Edward Bainbridge
Edward Bainbridge
Edward Bainbridge was the Tremere primogen of London during the Victorian Age.
The primogen's favorite haunt is the British Museum, which Clan Tremere has collectively pressured to have declared an Elysium. Scholarly to a fault, Edward has only three suits at any given time, which his servant has meticulously repaired upon countless occasions. The spectacles he wears are not an affectation; when he was Embraced, his vision was poor, his hairline was receding, and a paunch had settled around his midsection. Outsiders in other clans make the mistake of considering Edward harmless. Yet during high rituals, he is as passionate as a force of nature. His approach to magic usually involves assuming a particular persona of mythic significance during a carefully planned ceremony. He seems to transform his very identity when his craft demands it.
Mental characteristics
Personal history
As a professor of anthropology and archaeology, Edward had a promising mortal career. Initially, his singular vice was a fascination with the occult. Hidden within his sedate and outdated scholarly library, Edward hid treatises on the shocking rituals of savage tribes. During an alleged vacation in the Congo, he actually participated in tribal rites that would have scandalized him at the university. The natives of that tribe worshipped a "blood goddess," a beautiful creature who came in the night to take whomever she pleased. He prayed she would take him, bestowing upon him the true knowledge he craved.

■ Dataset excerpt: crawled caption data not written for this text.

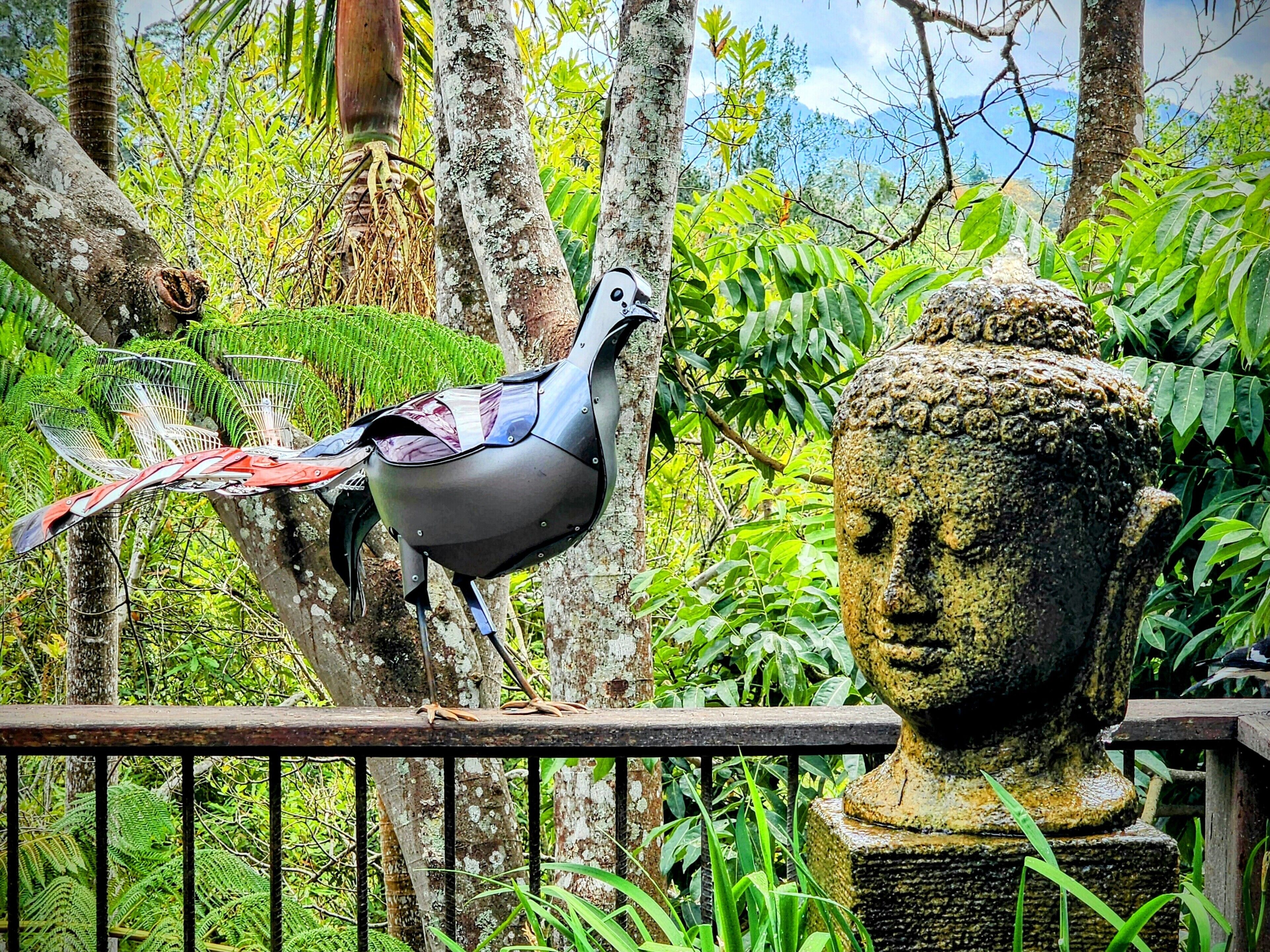 Un pájaro posado sobre una barandilla metálica, rodeado de vegetación exuberante y una estatua de Buda de piedra.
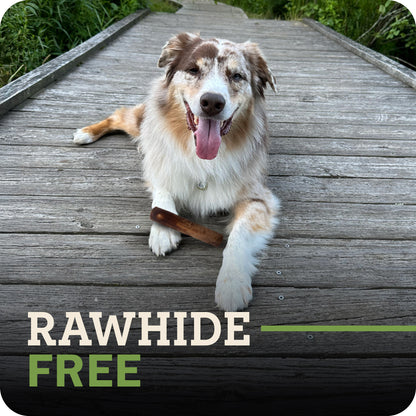 Redbarn Dur-A-Bull. A dog lying on a wooden boardwalk outdoors with the text 'RAWHIDE FREE' overlaid at the bottom. 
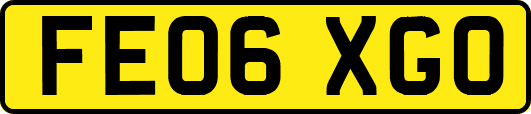 FE06XGO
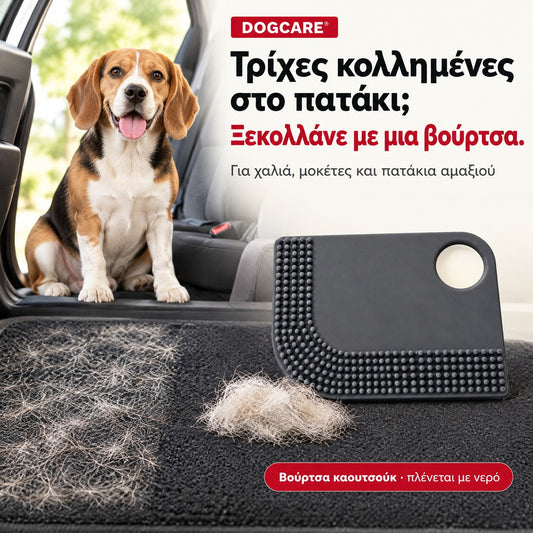Βούρτσα DogCare® για τρίχες σε χαλιά και πατάκια αυτοκινήτου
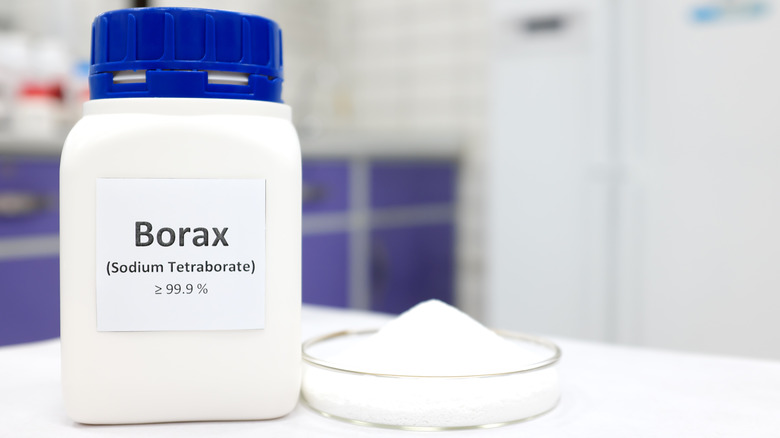 A closeup picture of borax in a plastic bottle and petri dish.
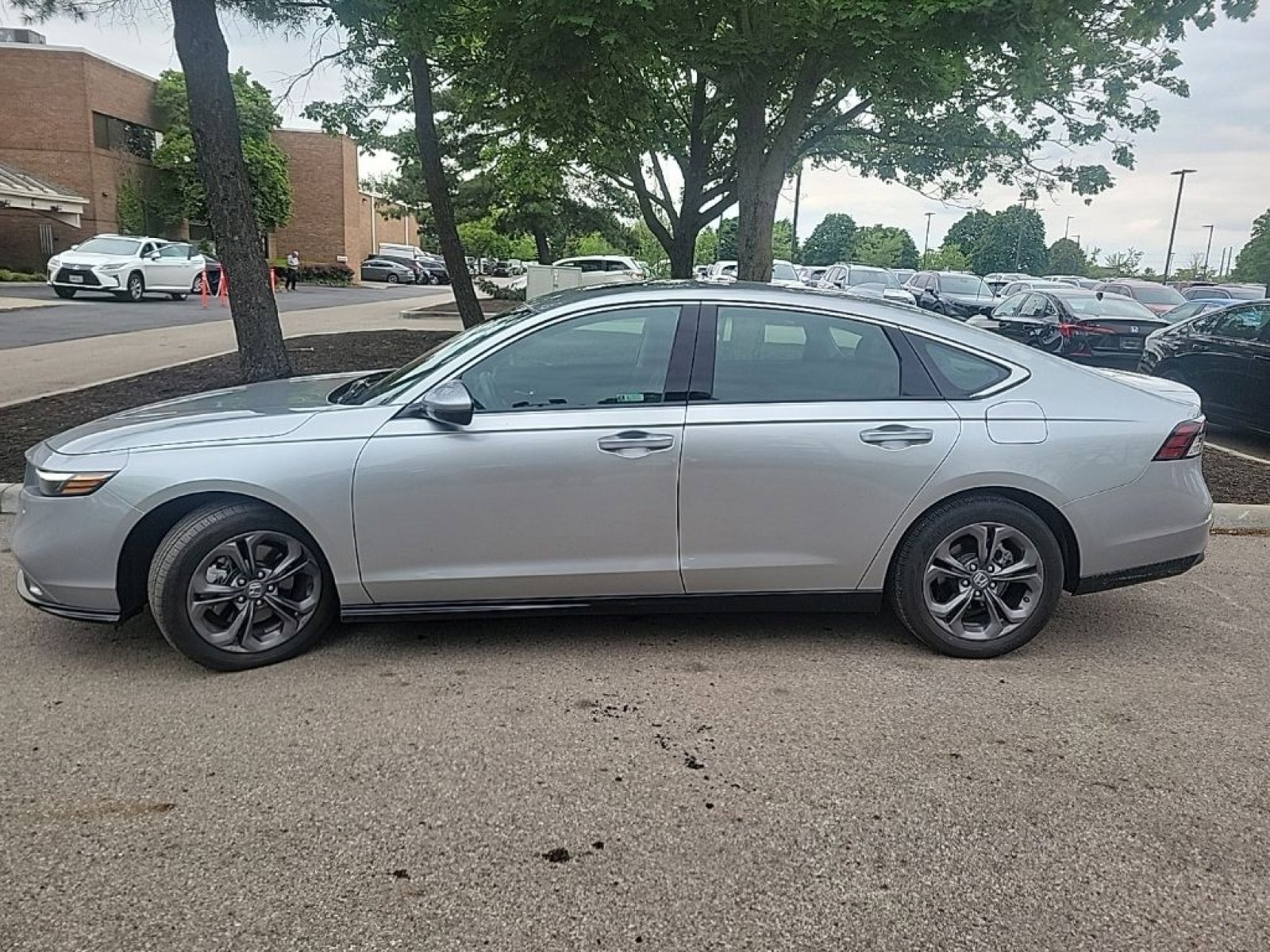 Certified 2024 Honda Accord EX-L image 5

Edward knew nothing of the object of their veneration. Elaine de Calinot was a powerful Tremere sorceress whose aegis of domain extended across the continent. As one of the clan's seven pontifices, she watched over African chantries from Capetown to Alexandria. The Empire's colonialism had given her an opportunity to discover methods of magic unknown on the European continent. To aid her in studying the forbidden, she began the controversial practice of Embracing mortal natives who had demonstrated magical acumen. When she discovered Professor Bainbridge, she turned the timid scholar from the light to a path of darkness. She then patronized his researches into activity across the African continent, encouraging him to learn from firsthand experience. She had chosen wisely.
Upon his return to the heart of the empire, Edward's knowledge of African magic made him a curiosity in Britain, assuring his fame within his clan. Years of devout service to the pontifex resulted in his ascension up the pyramid of power that is Clan Tremere. His ability to blend so thoroughly into other cultures, observe their magical practices, and assiduously document them earned him admiration in the scholarly circles of the Damned. When the spiritualist movement began, he eagerly participated in many such gatherings, quickly sorting the charlatans from the visionaries. As a panorama of occult societies took hold in Europe, he traveled widely at the behest of the pontifices, documenting the evolution of magic.
Triumphs of scholarship eventually earned him a position as a primogen in London, a cosmopolitan locale that Edward decided should host a wide array of practitioners, whether living, dead or undead. Through extensive correspondence, he extended invitations to occultists and loremasters throughout the world. Edward's enthusiasm was a sharp departure from the attitudes of the city's previous primogen, Monsieur Pachard. The former councilor's mysterious death scandalized the London Camarilla. Openly, his disappearance was blamed on an attack by Sabbat crusaders, but privately, some insightful ancillae whispered that he had been eliminated through intrigue. The local Nosferatu hinted that the former primogen had a falling out with the primogen council, possibly resulting in his sudden "committal" to the Deep Ward of Dr. Timothy's asylum. Within half a century, several old and treacherous primogen councilors had been replaced by younger and more inexperienced ones.
During his decades of travel and research, Edward had encountered a vast array of disturbing supernatural activity. One of the most remarkable was a cult of magi who had claimed to practice techniques preserved from the Dark Ages — most notably, sorcery involving fire. For reasons he could not understand, the Inner Circle of the Tremere moved quickly to destroy this hidden cabal. A few survivors were taken to Vienna, where they were extensively conditioned to obey the clan, enforce the clan's will, and forget the existence of the Order of Hermes.